日本では誰も知らないようなフランスの街並みやレースの様子を、著者の体験や写実的な文章によって「ツール・ド・フランス」を知っている人はもちろん、知らない人でも楽しめる一冊となっています。

OHTABOOKSTANDでは、本書の刊行を記念して全6回にわたり本文の一部を試し読み公開します。第1回は、著者・小俣雄風太が「ツール・ド・フランス」に惹かれていった経緯や「ツール・ド・フランス」がどのようなものなのかを紹介していきます。

はじめに

 自転車に乗ることが好きだった父は、90年代の初頭、深夜にテレビで放映されていたフランス一周自転車レースをよく観ていた。階下のリビングから印象的なテーマ音楽が布団の中まで聞こえてきたことをよく覚えている。僕は小学校に上がるかどうかという年齢だったが、それがツール・ド・フランスという自転車レースであることを知った。
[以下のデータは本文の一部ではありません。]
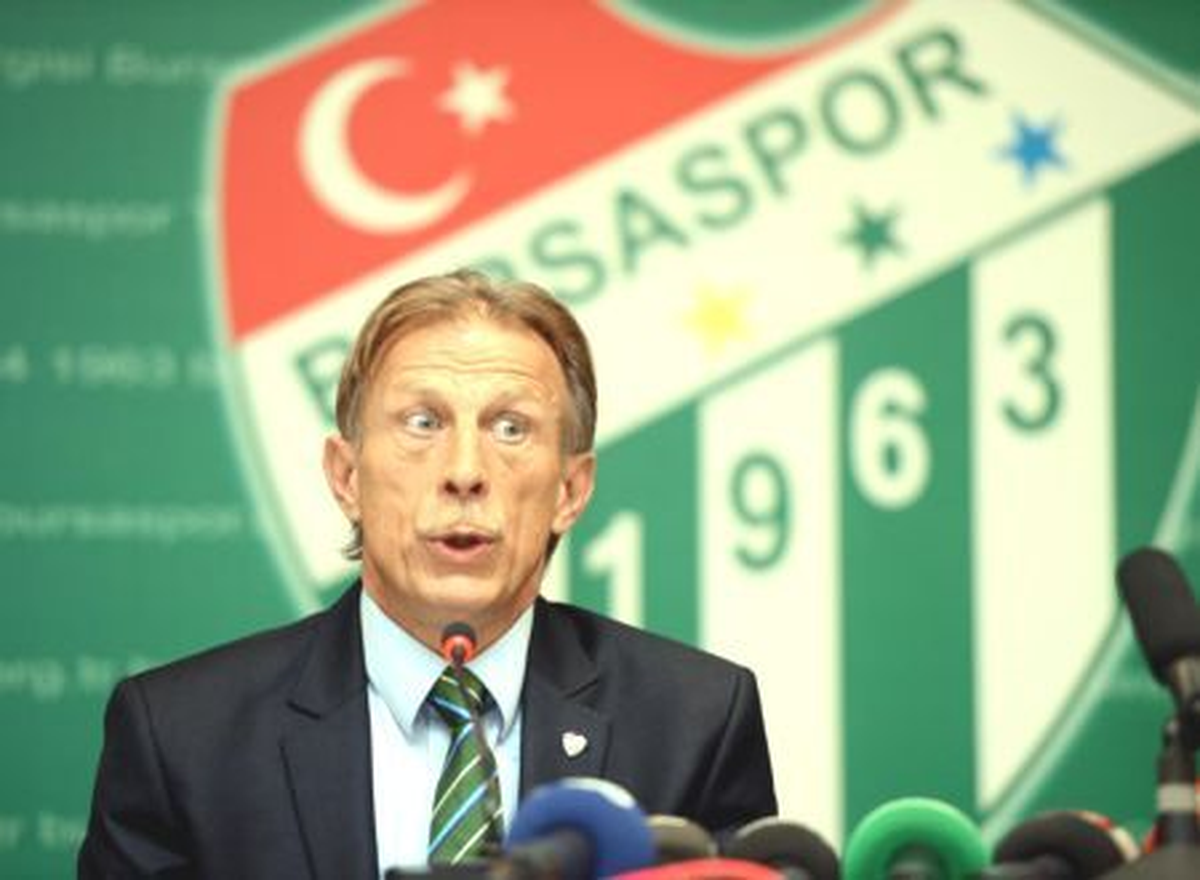 Görüntülü) 1- Bursaspor Teknik Direktörü Daum: "İstanbul\'a Galibiyet İçin Gidiyoruz"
 高校生になり時間を持て余していた僕は、気晴らしに自転車に乗るようになり、父がかつてたんまりと録画していたⅤHSでツール・ド・フランスをよく観るようになった。行ったことのない外国の風景の中に、自転車選手の集団が走り、沿道には熱狂的な人々が溢れている。この現象はなんだろう。スポーツ競技であるのに、お祭り騒ぎの市井の人々や、広大な山岳地帯や海、平原といった大自然、あるいはフランスの美しい街並が画面に映し出されている。選手も、市民も、自然も、街並も、等しくこの映像の主役であるようなのだ。
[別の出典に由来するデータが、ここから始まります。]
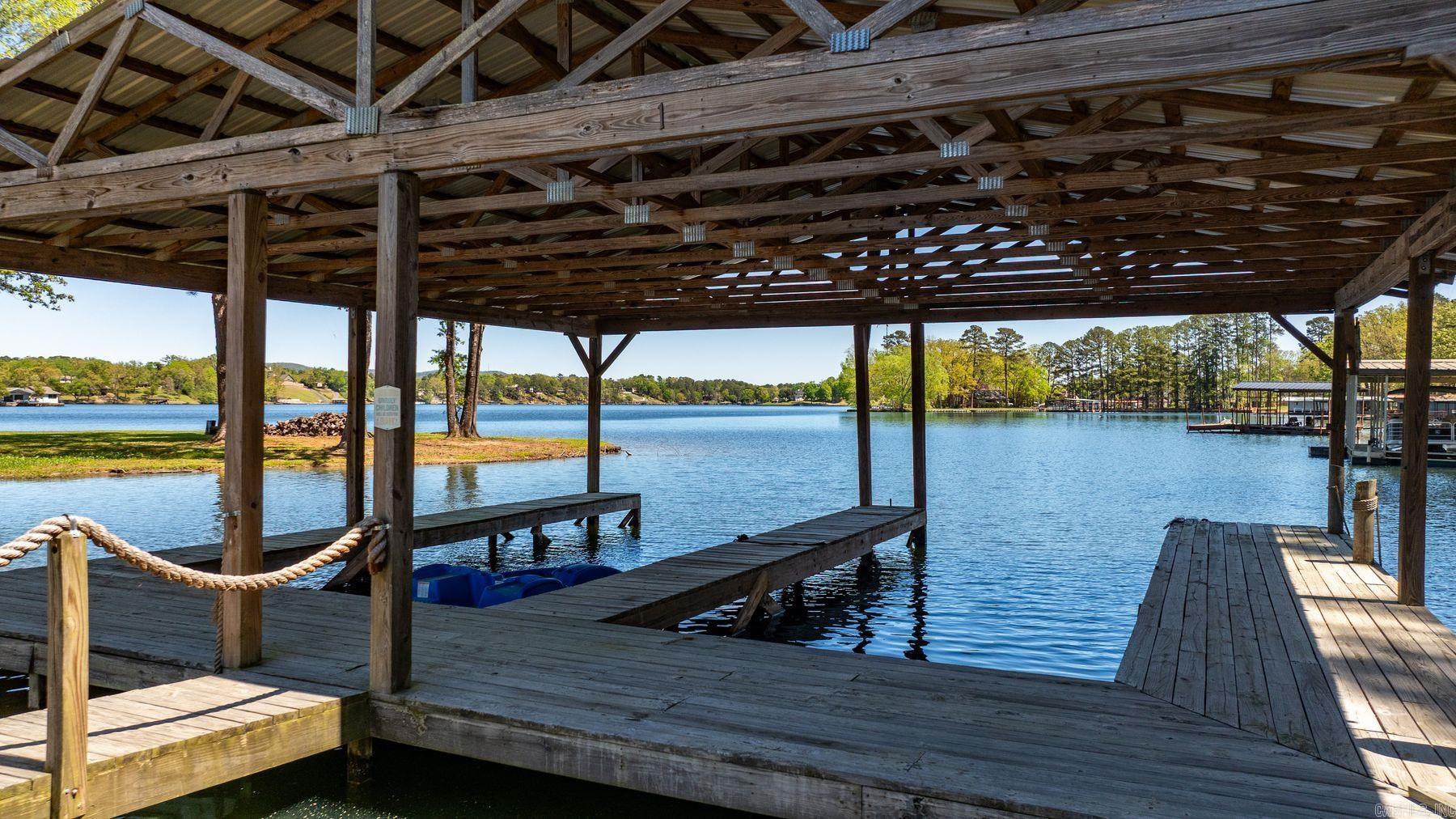 NORTH SHORE - Residential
 2005年、大学生になって2度目の夏に、ツール・ド・フランスに行くことになった。98年から毎年ツールの取材を行っていた綾野真さんという気鋭のフォトライターがたまたま近所に住んでいて、アシスタントという名目で、同行することになったのだ。初めて1人で乗る飛行機と、シャルル・ド・ゴール空港で見た近未来的な天井はよく覚えているが、それからのことはあっという間すぎて細かく覚えていない。しかし、ツールを追いかけていると、毎日訪れる町ごとに歓迎があり、熱狂があり、祝祭があった。それは擦り切れるほど繰り返し見たVHSの映像の世界そのものだった。言葉もわからぬ異国の地の沿道で、何か身体の奥にたぎるものを感じた。19歳の夏だった。
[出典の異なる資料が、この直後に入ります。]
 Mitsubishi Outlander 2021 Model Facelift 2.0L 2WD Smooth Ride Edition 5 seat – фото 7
 それから20年近く経って、10代で受けた衝撃を忘れられない僕は、再びツールを訪れることにした。7月のフランスの道路脇には、3週間を通してあの熱狂と祝祭が何も変わらず残っていた。相変わらず、スポーツ競技でありながら、フランス文化の写し鏡であるかのようなツール・ド・フランス。そして僕は、純粋な競技というよりも、旅する文化事象としての側面に大きく惹かれていることに気がついた。

 フランス全土を駆け抜けるツールを追いかけるということは、フランス文化の多様性を巡る旅でもある。決してガイドブックに載ることのない小さな村にも、ツールはやってくる。3週間の旅の中で、街並みや言葉や食文化は移り変わっていく。レースの背景として通り過ぎるこうした移ろいを書き留めておけたなら。そんな思いから2023年のツール取材旅を一冊にまとめたのがこの本だ。極私的な旅日記であるけれど、ツールという文化事象の本質をなんとか掴もうと苦闘した旅の記録でもある。レース中継には映らない、ツールの別の顔を感じてもらえたら幸いだ。

ツール・ド・フランスとは?

 世界最大の自転車レースが、ツール・ド・フランスだ。1903年に創始され、2度の世界大戦の期間に合計10年の中断を挟みながら、2023年に大会は第110回目を迎えた。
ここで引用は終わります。